L’ARTE DEL KINTSUGI COME MAGISTRA VITAE

L’ARTE DEL KINTSUGI COME MAGISTRA VITAE

di Sebastiano Gaglione

Siamo sinceri con noi stessi: viviamo in un mondo in cui la parola “consumismo” è all’ordine del giorno. Ci stanchiamo facilmente del vecchio, per far spazio al nuovo.
A dirla tutta, a volte siamo persino alla ricerca di inutili giustificazioni da dare a noi stessi solo per avere il “movente” del cambiamento.
Questo succede, ad esempio, quando la spesa necessaria per riparare il vecchio, è talmente cospicua da non giustificare tale riparazione e quindi si verifica l’ennesima scusante per passare al nuovo.

Nella cultura orientale, invece, esiste l’antica e raffinata tecnica di restauro del Kintsugi, che consiste nel riparare oggetti rotti come tazze, vasi o piatti, andando a saldare insieme i suoi pezzi, impiegando solitamente una mistura di lacca e oro in polvere.
Tuttavia, il Kintsugi non è unicamente mera arte, ma è molto di più.
La filosofia che si cela dietro quest’antica tecnica di restauro, risalente al XV secolo circa, è strettamente interconnessa con il concetto di “resilienza” che, in termini psicologici, consiste nella capacità di trarre benefici da eventi traumatici accaduti nella propria vita, “rimettendo insieme i pezzi”, ergo ricostruendo se stessi.

Da notare, come l’utilizzo di un materiale prezioso come l’oro, non si limiti affatto ad esser un puro elemento estetico mirato ad abbellire l’oggetto; quest’arte, in realtà, fa molto di più.

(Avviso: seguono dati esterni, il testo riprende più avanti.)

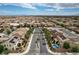 Aerial shot of community, showcasing street, homes, and desert mountain backdrop at 1005 Old Creek Way, North Las Vegas, NV 89084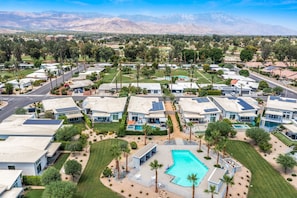 A residential area with modern houses, a central swimming pool, and a mountain backdrop. - Modern Desert Retreat | Pool, Spa, EV Charger, Near Tennis Garden (Indian Wells)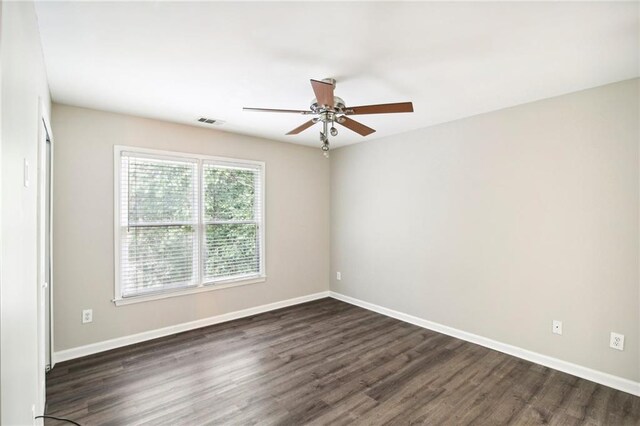 spare room featuring ceiling fan and dark wood-type flooring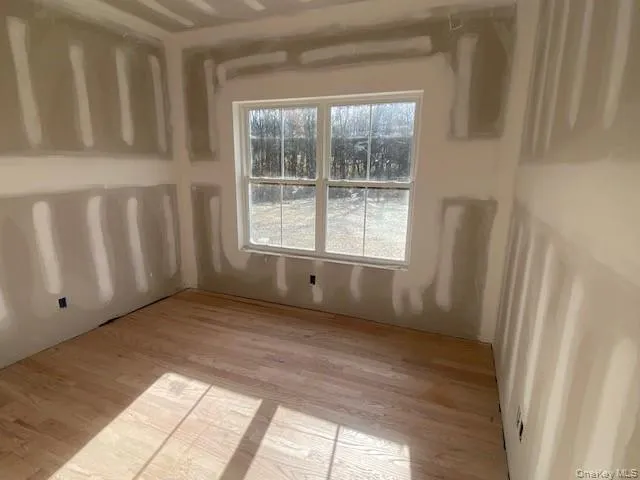 a view of a yard with tree s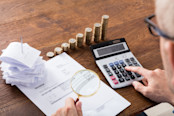 Auditor Hand Checking Invoice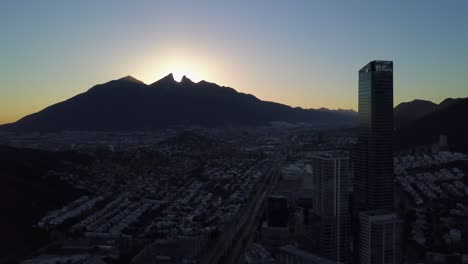 Aerial-pull-back-shot-of-the-sunrise-in-the-Cerro-de-la-Silla-with-the-San-Pedro-Skyline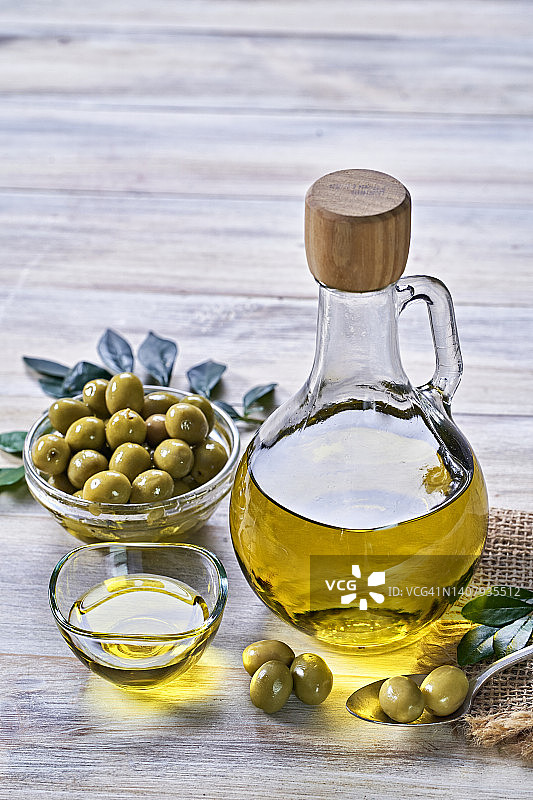 橄榄油瓶和橄榄特写：摆放在老式乡村厨房的桌子上，留有文案空间图片素材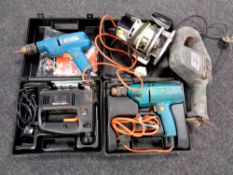 A crate of power tools to include Stanley router, Performance multi saw, Black & Decker hand drills,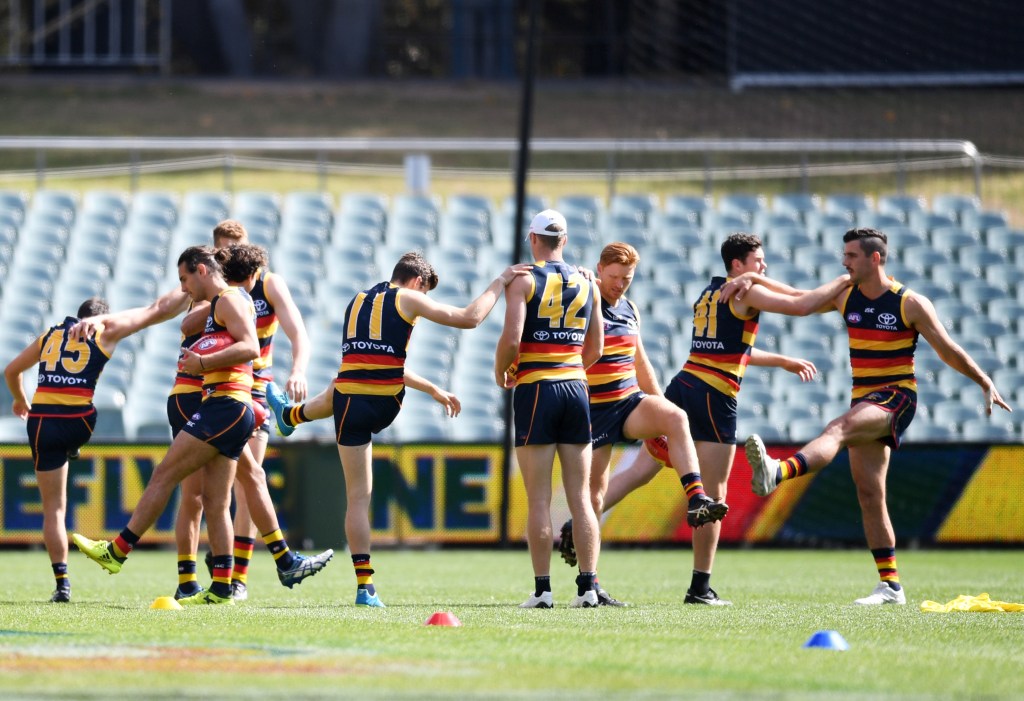 Mitch McGovern (right, with Taylor Walker) joins Crows teammates at this morning's training session. Photo: Tracey Nearmy / AAP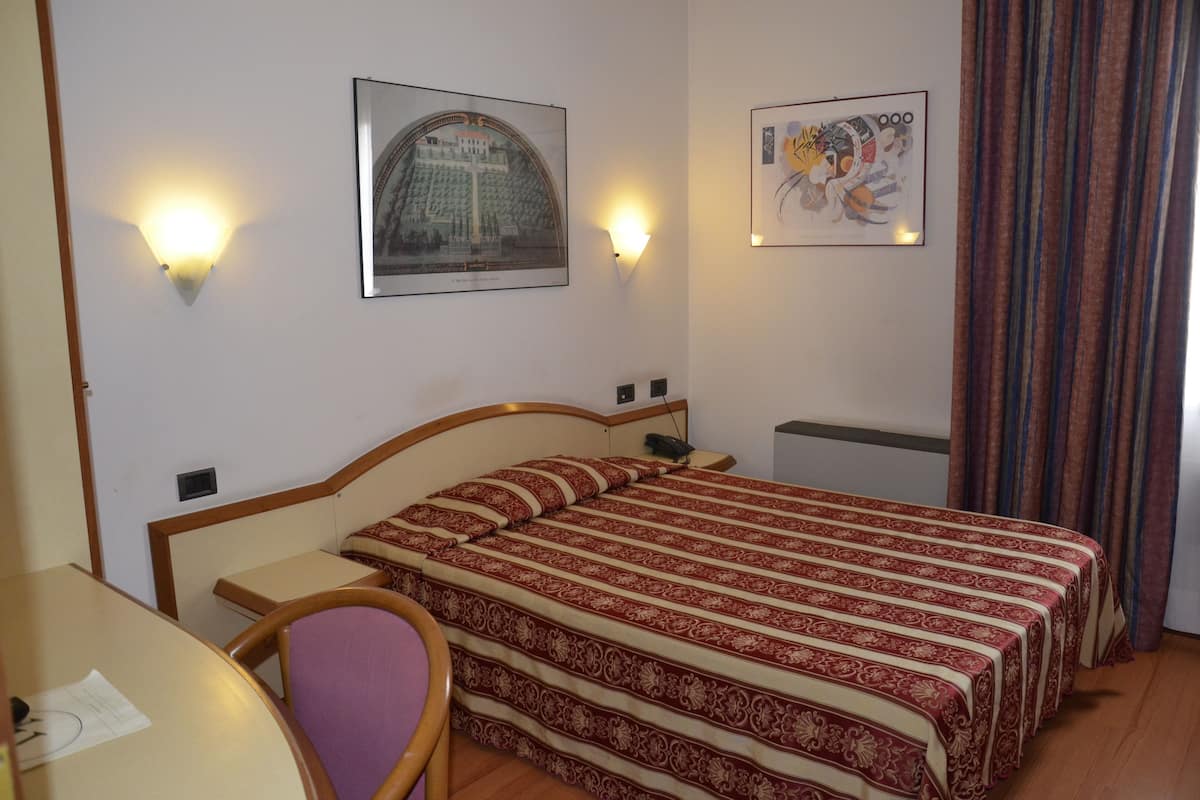 A hotel room with a bed, a desk, a chair, and two wall-mounted light fixtures.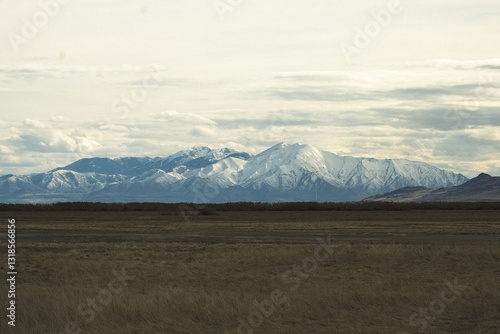Snow-Capped Peaks Beneath Vast Skies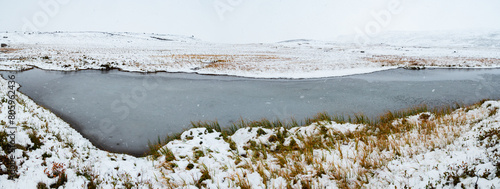Panorama view on a snow covered landscape with lake during a snow shower, Iceland
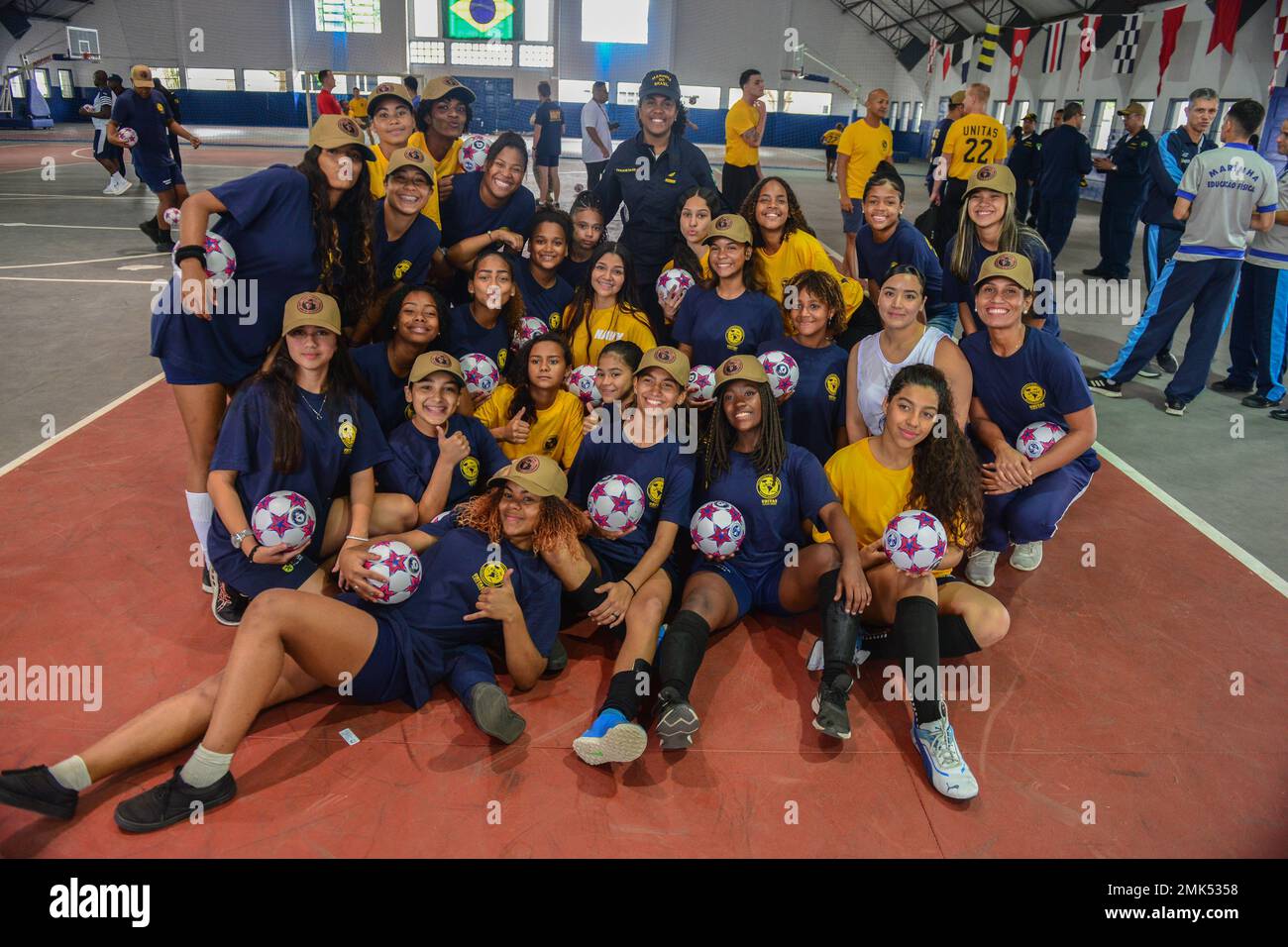 RIO DE JANEIRO (Sept. 5, 2022) Women from multinational forces pose for a  photo with local girls who participated in a community relations event  conducted prior to the beginning of UNITAS LXIII,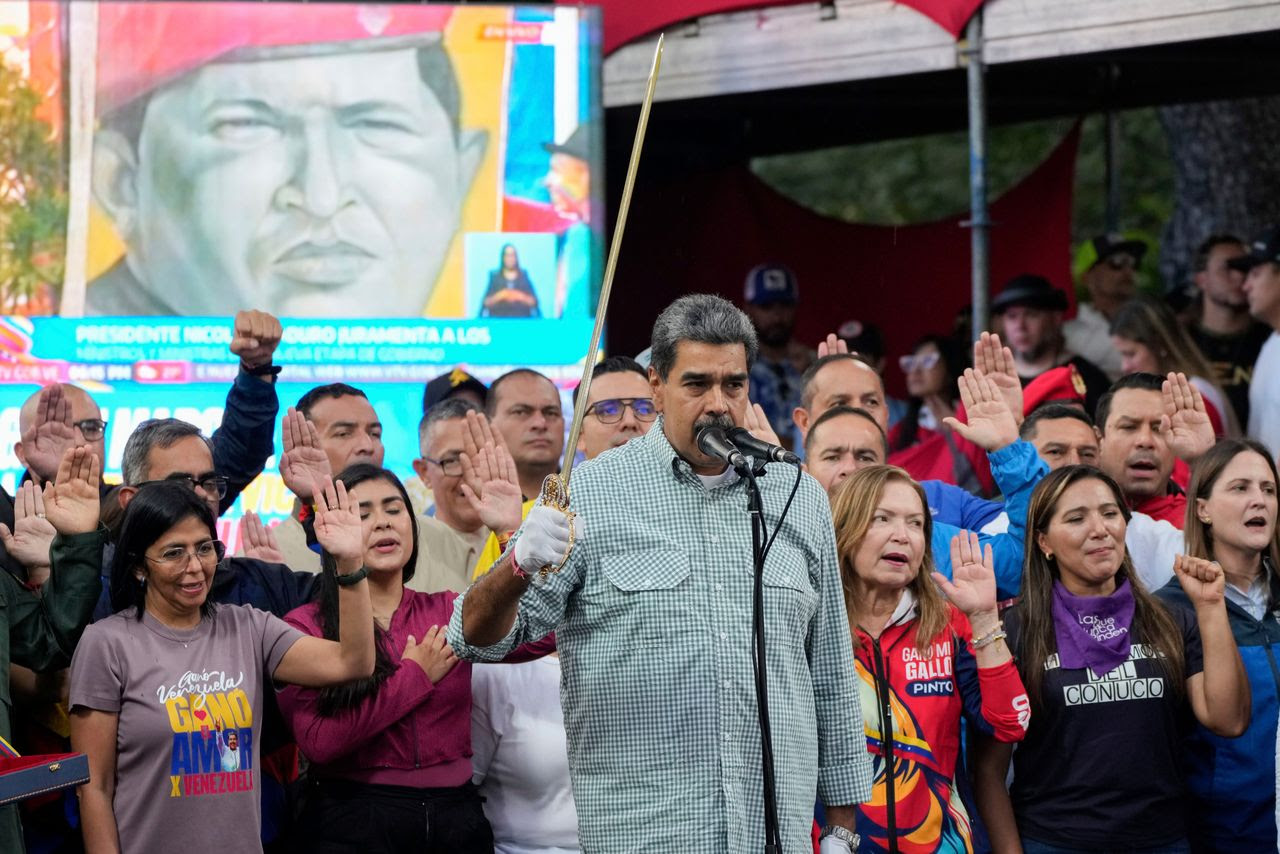 Venezuelan President Nicolás Maduro brandishes a sword Aug. 28 as his new cabinet takes the oath of office at the presidential palace in Caracas, Venezuela. (Ariana Cubillos/AP)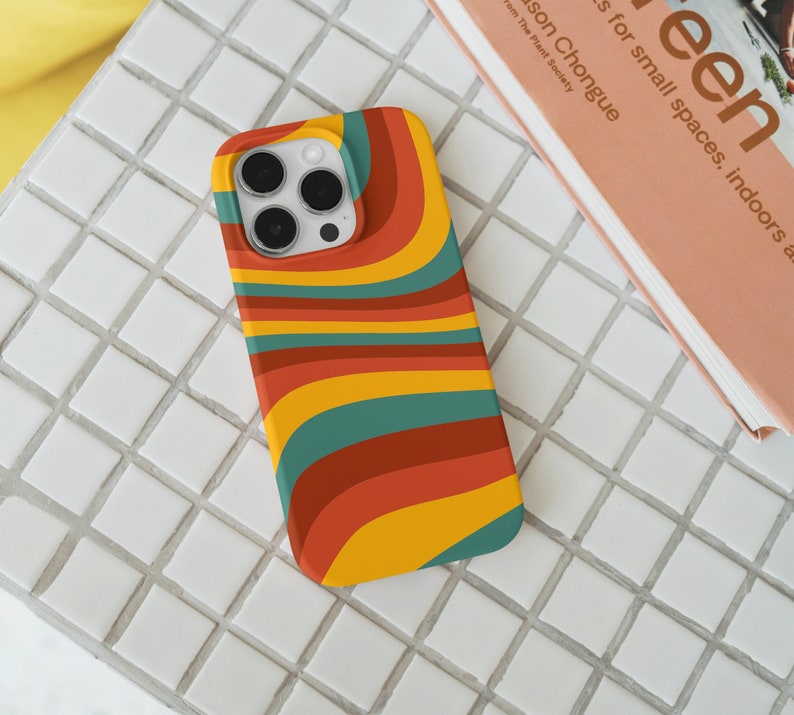 May include: A phone case with a colorful abstract design featuring wavy lines in shades of yellow, orange, red, green, and blue.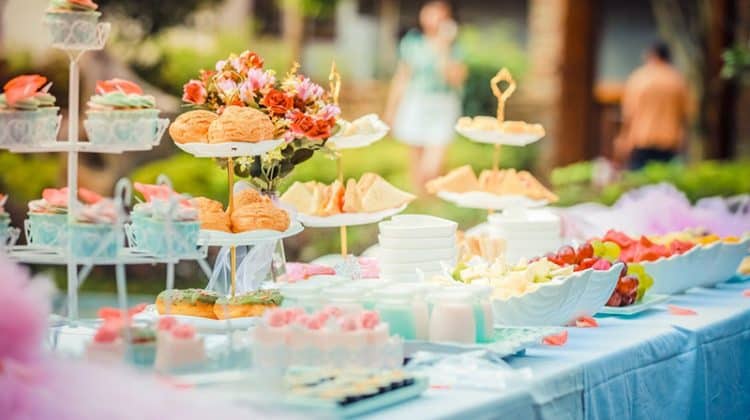 White Steel Cupcake Stand with colourful cupcakes prepared by catering service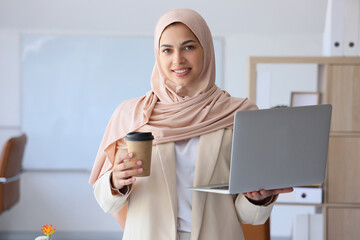 Pretty Muslim female programmer with laptop and cup of coffee in office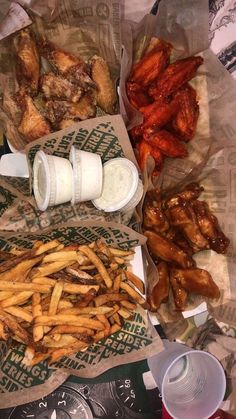 there are many different foods on the table and one is chicken wings, fries, coleslaw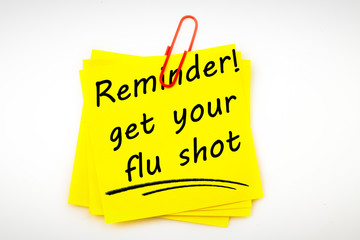 Flu shot reminder against sticky note with red paperclip
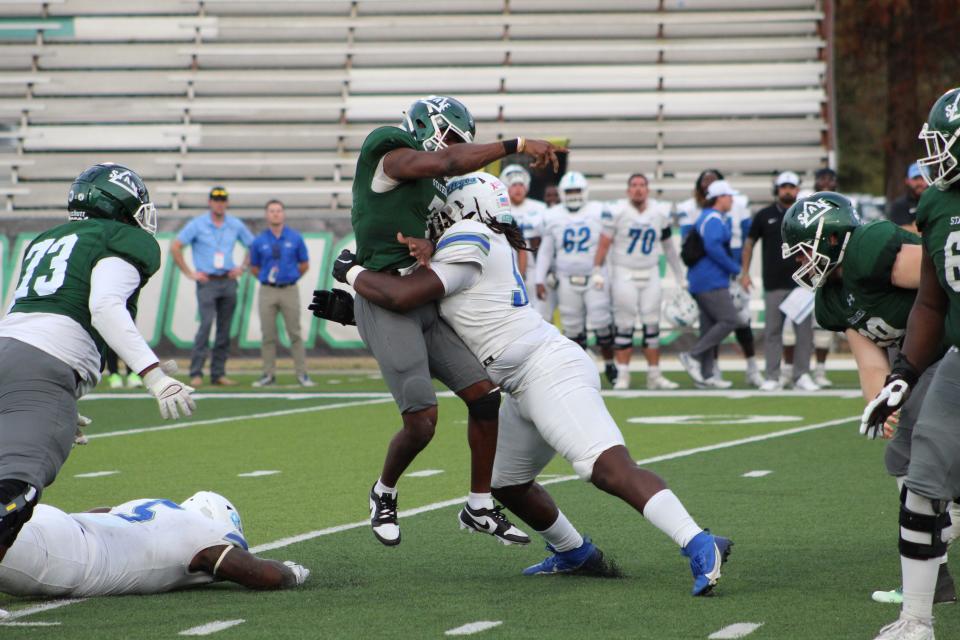 West Florida defensive lineman Justice Williams hits Delta State quarterback Patrick Shegog during the Argos' 24-21 win on Saturday, Oct. 21, 2023 from Parker Field at McCool Stadium in Cleveland, Mississippi.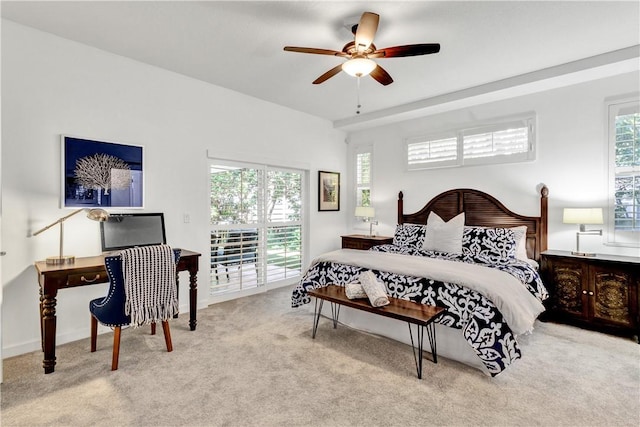 bedroom featuring ceiling fan, access to outside, multiple windows, and light colored carpet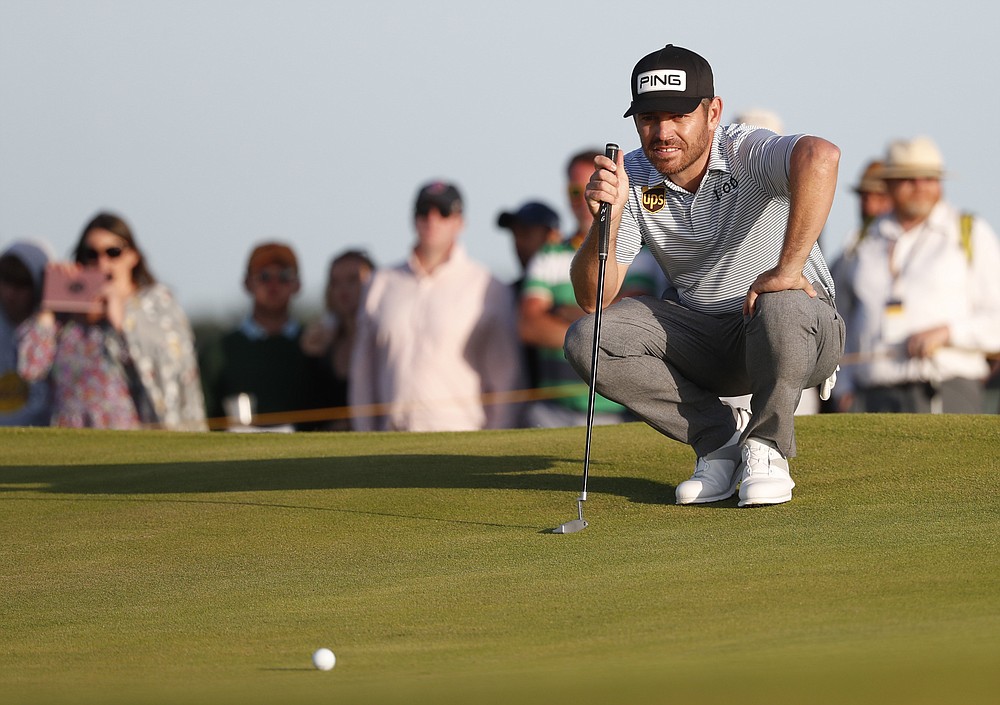 South Africa's Louis Oosthuizen looks at the line of his putt on the 17th green during the third round of the British Open Golf Championship at Royal St George's golf course Sandwich, England, Saturday, July 17, 2021. (AP Photo/Peter Morrison)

L’arte del Kintsugi abbraccia le crepe dell’oggetto, createsi in seguito all’urto e le fa sue con il fine ultimo di donargli un nuovo e più elevato valore, impreziosendolo ancor più di quando fosse appena acquistato. Se ancora non si fosse capito, le crepe del vaso rotto sono, a tutti gli effetti, una similitudine delle cicatrici della vita.
Ebbene, quante volte preferiamo chiudere definitivamente un rapporto, piuttosto che ricucirlo?
Quante volte non riusciamo a ripartire da noi stessi e a ritrovarci in seguito ad un dolore causato da un evento traumatico che abbiamo subito?
L’arte del kintsugi, in questo caso, è una vera e propria magistra vitae.
Essa insegna a rialzarsi, a rinascere. Di nuova vita. Perché nessuno può colpire duro come fa la vita e per quanto dolorose possano essere le ferite che ci infligge, le cicatrici che restano, rappresentano pur sempre il segno indelebile di una vita vissuta appieno.
D’altronde dal meraviglioso viaggio dell’esistenza non si può di certo pensare di uscirne illesi.
Una vita intensa, così come intensi sono i rapporti che andiamo a vivere.
Le cicatrici ci rendono umani e devono essere motivo di vanto, non di imbarazzo.
L’arte del Kintsugi rinnega la superficialità. Difatti, la vera profondità consiste nell’abbracciare la “caduta” senza doversi vergognare delle proprie ferite e nel saper valorizzare anche gli eventi atroci. Il kintsugi va controcorrente e trae positività dalla negatività.
In definitiva, solo quando avremo compreso l’arte del Kintsugi, allora avremo davvero colto e appreso un’altra arte, ancor più importante: l’arte della vita.